For sales of Placement Shares through Wells Fargo Securities, the Company will pay Wells Fargo Securities a commission at a mutually agreed rate of 3% of the gross sales price per Placement Share. In addition, the Company has agreed to pay certain expenses incurred by Wells Fargo Securities in connection with the offering. The Company has no obligation to sell any shares under the Sales Agreement, and may at any time suspend the offering of Placement Shares under the Sales Agreement.
The Sales Agreement contains customary representations and warranties of the parties and indemnification and contribution provisions under which the Company and Wells Fargo Securities have agreed to indemnify each other against certain liabilities, including liabilities under the Securities Act. The ATM Program pursuant to the Sales Agreement will automatically terminate upon the issuance and sale of all of the Placement Shares through Wells Fargo Securities.
The Placement Shares will be offered and sold pursuant to a shelf registration statement on Form S-3 (File No. 333-264470), which was initially filed with the Securities and Exchange Commission (the "SEC") on April 25, 2022 and declared effective by the SEC on May 11, 2022, and a related prospectus supplement, dated December 8, 2022.
The foregoing description of the Sales Agreement is not complete and is qualified in its entirety by reference to the full text of such agreement, a copy of which is filed herewith as Exhibit 1.1 to this Current Report on Form 8-K and is incorporated herein by reference.
The legal opinion of Gennari Aronson, LLP relating to the Placement Shares is filed as Exhibit 5.1 to this Current Report on Form 8-K.

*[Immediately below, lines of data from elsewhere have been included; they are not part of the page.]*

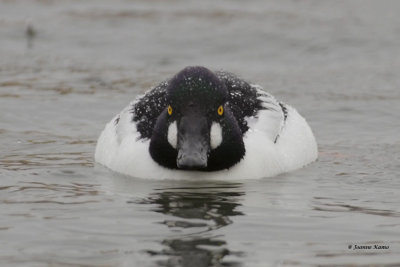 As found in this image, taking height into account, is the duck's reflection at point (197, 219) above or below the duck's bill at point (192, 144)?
below

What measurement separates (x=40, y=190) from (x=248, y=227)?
2.55 meters

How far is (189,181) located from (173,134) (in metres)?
0.80

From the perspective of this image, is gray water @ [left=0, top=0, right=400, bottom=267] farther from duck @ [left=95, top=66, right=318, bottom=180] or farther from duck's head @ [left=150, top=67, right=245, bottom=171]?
duck's head @ [left=150, top=67, right=245, bottom=171]

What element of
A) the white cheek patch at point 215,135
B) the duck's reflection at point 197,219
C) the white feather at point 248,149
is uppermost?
the white cheek patch at point 215,135

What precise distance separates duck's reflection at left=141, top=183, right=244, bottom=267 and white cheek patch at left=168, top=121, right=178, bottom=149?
52 centimetres

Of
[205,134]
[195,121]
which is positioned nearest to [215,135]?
[205,134]

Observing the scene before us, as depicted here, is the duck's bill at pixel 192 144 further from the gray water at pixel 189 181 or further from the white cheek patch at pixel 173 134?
the gray water at pixel 189 181

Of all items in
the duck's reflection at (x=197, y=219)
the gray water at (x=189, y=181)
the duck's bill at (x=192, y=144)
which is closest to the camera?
the duck's reflection at (x=197, y=219)

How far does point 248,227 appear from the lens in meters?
9.59

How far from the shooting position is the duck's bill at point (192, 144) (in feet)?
33.9

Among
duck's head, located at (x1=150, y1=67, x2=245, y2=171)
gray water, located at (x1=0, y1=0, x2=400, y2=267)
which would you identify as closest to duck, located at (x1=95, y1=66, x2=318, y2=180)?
duck's head, located at (x1=150, y1=67, x2=245, y2=171)

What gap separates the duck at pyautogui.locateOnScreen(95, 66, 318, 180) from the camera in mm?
10547

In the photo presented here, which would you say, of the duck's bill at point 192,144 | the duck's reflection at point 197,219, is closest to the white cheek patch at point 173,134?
the duck's bill at point 192,144

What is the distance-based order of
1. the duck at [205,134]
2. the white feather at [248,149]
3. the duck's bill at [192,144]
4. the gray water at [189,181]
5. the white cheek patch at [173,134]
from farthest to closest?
the white feather at [248,149], the white cheek patch at [173,134], the duck at [205,134], the duck's bill at [192,144], the gray water at [189,181] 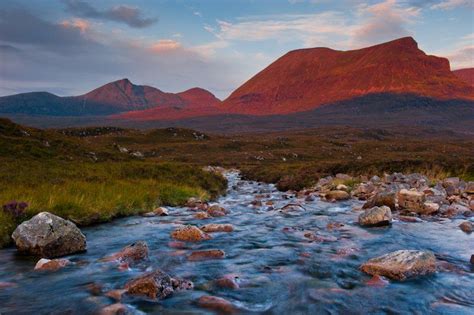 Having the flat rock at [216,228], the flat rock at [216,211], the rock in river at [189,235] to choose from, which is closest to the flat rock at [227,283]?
the rock in river at [189,235]

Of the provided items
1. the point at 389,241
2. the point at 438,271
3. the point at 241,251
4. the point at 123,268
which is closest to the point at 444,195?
the point at 389,241

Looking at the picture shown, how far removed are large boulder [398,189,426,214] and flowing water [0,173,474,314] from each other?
2.07 meters

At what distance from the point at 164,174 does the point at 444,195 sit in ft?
52.5

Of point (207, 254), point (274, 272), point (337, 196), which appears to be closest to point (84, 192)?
point (207, 254)

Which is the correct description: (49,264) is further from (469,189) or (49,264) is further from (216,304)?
(469,189)

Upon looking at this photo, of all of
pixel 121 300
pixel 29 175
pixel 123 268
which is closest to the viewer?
pixel 121 300

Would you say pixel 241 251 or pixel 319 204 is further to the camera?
pixel 319 204

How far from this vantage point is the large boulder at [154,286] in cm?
671

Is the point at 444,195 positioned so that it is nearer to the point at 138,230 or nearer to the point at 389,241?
the point at 389,241

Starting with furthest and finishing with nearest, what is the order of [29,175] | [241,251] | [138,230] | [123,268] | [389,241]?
[29,175]
[138,230]
[389,241]
[241,251]
[123,268]

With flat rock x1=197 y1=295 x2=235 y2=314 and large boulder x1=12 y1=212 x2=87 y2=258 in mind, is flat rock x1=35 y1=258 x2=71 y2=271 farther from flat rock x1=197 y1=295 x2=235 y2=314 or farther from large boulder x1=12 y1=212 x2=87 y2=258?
flat rock x1=197 y1=295 x2=235 y2=314

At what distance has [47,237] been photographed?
910 cm

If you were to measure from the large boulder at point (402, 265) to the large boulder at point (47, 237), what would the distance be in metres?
6.52

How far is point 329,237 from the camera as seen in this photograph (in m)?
11.5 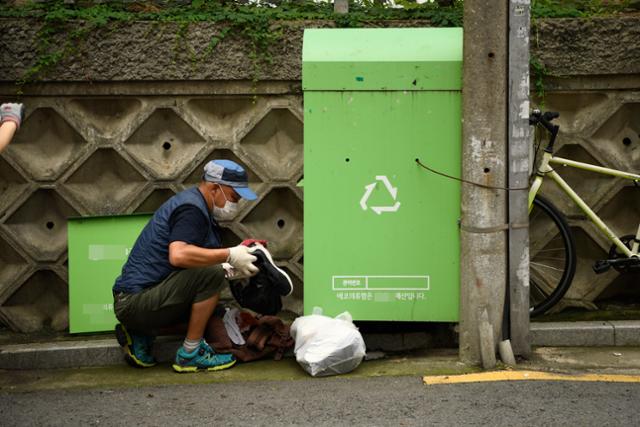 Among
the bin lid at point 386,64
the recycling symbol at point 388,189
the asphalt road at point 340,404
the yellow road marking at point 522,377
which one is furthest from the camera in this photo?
the recycling symbol at point 388,189

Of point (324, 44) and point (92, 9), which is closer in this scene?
point (324, 44)

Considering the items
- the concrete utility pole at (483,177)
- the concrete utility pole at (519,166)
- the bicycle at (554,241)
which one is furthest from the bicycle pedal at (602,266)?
the concrete utility pole at (483,177)

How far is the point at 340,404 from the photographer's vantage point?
4.53 metres

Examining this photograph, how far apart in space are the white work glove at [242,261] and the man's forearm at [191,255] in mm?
56

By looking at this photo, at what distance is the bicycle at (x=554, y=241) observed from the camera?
234 inches

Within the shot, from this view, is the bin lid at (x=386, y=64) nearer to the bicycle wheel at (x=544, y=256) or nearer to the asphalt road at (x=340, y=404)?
the bicycle wheel at (x=544, y=256)

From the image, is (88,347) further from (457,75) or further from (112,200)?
(457,75)

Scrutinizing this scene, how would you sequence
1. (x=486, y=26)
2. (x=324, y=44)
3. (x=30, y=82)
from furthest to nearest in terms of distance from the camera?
(x=30, y=82) → (x=324, y=44) → (x=486, y=26)

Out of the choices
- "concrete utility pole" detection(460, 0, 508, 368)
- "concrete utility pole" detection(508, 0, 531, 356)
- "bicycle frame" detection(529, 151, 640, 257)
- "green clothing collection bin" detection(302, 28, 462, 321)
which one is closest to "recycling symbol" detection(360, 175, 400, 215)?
"green clothing collection bin" detection(302, 28, 462, 321)

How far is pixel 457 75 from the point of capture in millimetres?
5184

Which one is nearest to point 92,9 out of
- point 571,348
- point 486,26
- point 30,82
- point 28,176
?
point 30,82

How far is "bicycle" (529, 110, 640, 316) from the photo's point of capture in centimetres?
593

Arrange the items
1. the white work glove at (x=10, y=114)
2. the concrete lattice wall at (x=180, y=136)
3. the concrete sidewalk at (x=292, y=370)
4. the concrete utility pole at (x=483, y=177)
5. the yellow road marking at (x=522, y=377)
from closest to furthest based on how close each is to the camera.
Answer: the white work glove at (x=10, y=114), the yellow road marking at (x=522, y=377), the concrete utility pole at (x=483, y=177), the concrete sidewalk at (x=292, y=370), the concrete lattice wall at (x=180, y=136)

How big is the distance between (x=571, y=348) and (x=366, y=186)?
1.76 m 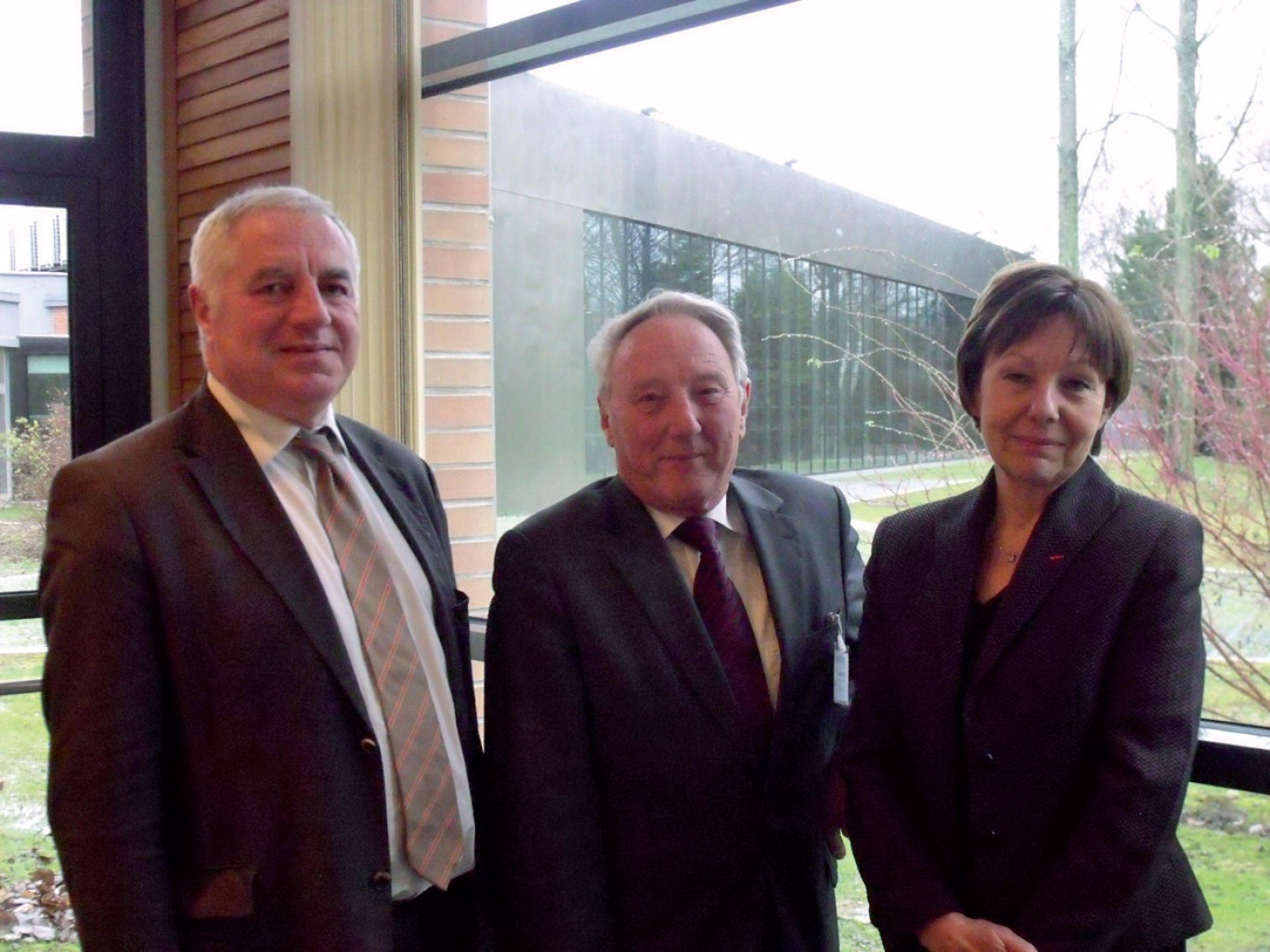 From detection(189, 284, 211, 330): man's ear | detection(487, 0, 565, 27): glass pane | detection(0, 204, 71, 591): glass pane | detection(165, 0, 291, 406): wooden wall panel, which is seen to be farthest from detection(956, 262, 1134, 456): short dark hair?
detection(0, 204, 71, 591): glass pane

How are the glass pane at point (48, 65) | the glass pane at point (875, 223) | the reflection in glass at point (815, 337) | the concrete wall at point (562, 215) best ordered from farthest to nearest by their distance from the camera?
the glass pane at point (48, 65) → the concrete wall at point (562, 215) → the reflection in glass at point (815, 337) → the glass pane at point (875, 223)

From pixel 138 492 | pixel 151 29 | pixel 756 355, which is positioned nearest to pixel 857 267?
pixel 756 355

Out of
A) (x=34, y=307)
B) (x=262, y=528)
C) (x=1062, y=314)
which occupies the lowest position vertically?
(x=262, y=528)

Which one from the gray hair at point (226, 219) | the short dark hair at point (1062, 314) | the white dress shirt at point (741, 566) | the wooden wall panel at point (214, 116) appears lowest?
the white dress shirt at point (741, 566)

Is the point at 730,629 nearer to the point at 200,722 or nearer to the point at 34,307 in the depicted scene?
the point at 200,722

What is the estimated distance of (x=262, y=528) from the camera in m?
1.62

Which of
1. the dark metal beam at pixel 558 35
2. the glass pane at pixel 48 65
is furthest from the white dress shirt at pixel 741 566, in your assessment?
the glass pane at pixel 48 65

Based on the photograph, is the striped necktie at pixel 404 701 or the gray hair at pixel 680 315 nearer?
the striped necktie at pixel 404 701

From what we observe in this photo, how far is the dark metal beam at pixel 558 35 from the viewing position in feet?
8.62

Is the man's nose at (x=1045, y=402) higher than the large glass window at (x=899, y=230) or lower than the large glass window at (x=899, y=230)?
lower

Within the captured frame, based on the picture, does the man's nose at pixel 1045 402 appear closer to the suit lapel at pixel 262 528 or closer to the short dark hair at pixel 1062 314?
the short dark hair at pixel 1062 314

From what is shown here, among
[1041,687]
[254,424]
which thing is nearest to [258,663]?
[254,424]

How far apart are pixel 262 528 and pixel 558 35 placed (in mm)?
1748

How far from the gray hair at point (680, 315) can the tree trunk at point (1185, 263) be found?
0.78 meters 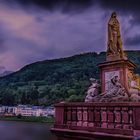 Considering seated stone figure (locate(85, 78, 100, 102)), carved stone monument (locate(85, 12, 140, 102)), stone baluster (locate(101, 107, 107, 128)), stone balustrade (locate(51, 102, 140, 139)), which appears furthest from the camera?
seated stone figure (locate(85, 78, 100, 102))

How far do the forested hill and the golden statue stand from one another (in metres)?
95.3

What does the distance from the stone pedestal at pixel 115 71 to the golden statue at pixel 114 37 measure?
2.91 ft

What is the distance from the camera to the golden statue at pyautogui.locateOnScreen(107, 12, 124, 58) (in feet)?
48.1

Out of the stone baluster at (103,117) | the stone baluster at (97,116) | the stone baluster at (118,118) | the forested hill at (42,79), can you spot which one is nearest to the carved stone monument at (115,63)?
the stone baluster at (97,116)

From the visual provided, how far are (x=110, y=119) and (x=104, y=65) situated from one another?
5.11 m

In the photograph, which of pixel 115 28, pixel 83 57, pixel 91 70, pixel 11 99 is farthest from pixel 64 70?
pixel 115 28

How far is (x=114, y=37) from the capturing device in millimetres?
14789

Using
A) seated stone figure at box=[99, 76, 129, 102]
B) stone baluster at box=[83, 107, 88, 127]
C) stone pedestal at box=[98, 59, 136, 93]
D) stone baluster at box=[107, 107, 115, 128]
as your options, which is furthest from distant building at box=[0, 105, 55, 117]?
stone baluster at box=[107, 107, 115, 128]

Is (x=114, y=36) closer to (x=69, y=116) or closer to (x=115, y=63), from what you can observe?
(x=115, y=63)

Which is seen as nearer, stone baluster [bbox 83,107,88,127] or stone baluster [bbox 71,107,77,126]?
stone baluster [bbox 83,107,88,127]

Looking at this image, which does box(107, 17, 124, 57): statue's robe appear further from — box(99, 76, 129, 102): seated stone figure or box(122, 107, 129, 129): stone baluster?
box(122, 107, 129, 129): stone baluster

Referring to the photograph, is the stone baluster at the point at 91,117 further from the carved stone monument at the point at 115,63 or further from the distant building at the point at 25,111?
the distant building at the point at 25,111

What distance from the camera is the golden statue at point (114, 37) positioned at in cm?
1466

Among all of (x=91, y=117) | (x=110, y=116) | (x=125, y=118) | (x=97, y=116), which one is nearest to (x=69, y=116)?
(x=91, y=117) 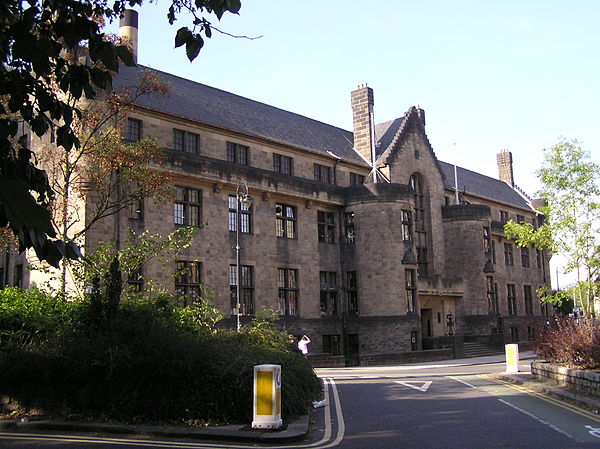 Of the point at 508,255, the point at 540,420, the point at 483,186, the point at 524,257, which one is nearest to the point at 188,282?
the point at 540,420

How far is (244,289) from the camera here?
3200 cm

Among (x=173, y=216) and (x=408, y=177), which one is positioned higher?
(x=408, y=177)

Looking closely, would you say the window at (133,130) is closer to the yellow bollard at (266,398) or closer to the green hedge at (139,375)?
the green hedge at (139,375)

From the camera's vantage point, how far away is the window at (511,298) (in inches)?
2063

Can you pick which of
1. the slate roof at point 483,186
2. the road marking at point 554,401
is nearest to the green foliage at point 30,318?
the road marking at point 554,401

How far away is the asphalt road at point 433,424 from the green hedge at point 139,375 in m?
1.15

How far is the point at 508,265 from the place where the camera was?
53281mm

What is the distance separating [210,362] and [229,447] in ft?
8.29

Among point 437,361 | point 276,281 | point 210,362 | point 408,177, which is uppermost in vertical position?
point 408,177

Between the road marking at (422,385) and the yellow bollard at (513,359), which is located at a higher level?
the yellow bollard at (513,359)

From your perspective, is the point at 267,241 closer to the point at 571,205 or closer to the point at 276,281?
the point at 276,281

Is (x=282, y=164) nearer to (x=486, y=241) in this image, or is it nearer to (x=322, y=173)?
(x=322, y=173)

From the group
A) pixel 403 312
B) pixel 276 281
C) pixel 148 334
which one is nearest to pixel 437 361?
pixel 403 312

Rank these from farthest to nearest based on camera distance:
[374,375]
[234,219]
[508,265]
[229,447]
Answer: [508,265] → [234,219] → [374,375] → [229,447] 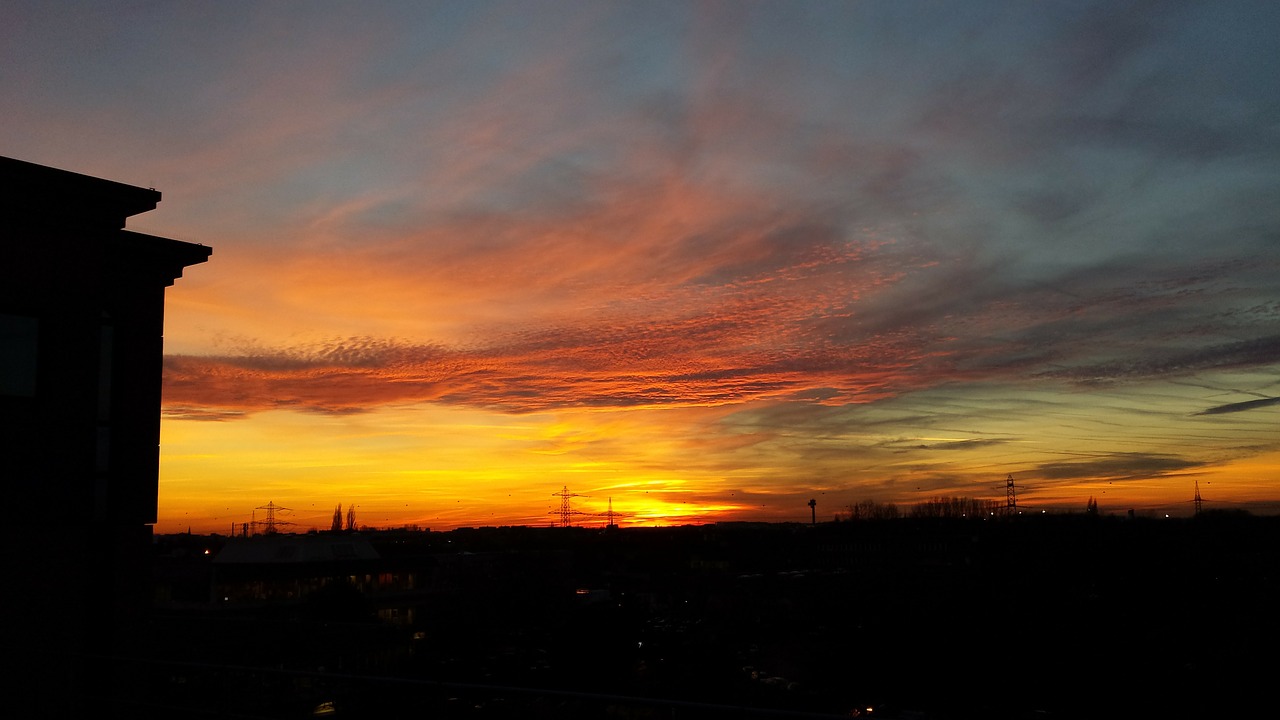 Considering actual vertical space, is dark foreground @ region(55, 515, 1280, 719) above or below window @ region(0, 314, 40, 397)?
below

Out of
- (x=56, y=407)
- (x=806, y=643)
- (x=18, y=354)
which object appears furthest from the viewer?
(x=806, y=643)

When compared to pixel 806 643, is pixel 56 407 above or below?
above

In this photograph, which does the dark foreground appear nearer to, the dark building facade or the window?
the dark building facade

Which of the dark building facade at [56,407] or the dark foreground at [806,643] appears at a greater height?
the dark building facade at [56,407]

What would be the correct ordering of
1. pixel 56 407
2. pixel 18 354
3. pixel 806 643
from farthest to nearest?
1. pixel 806 643
2. pixel 56 407
3. pixel 18 354

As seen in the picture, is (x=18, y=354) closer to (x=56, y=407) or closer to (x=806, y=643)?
(x=56, y=407)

The Sales Agent and affiliates of the Sales Agent have from time to time performed, and may in the future perform, various financial advisory, commercial banking and investment banking services for the Company and for its affiliates in the ordinary course of business for which they have received and would receive customary compensation.
This Current Report on Form 8-K shall not constitute an offer to sell or the solicitation of an offer to buy any security nor shall there be any sale of these securities in any state in which such offer, solicitation or sales would be unlawful prior to registration or qualification under the securities laws of any such state.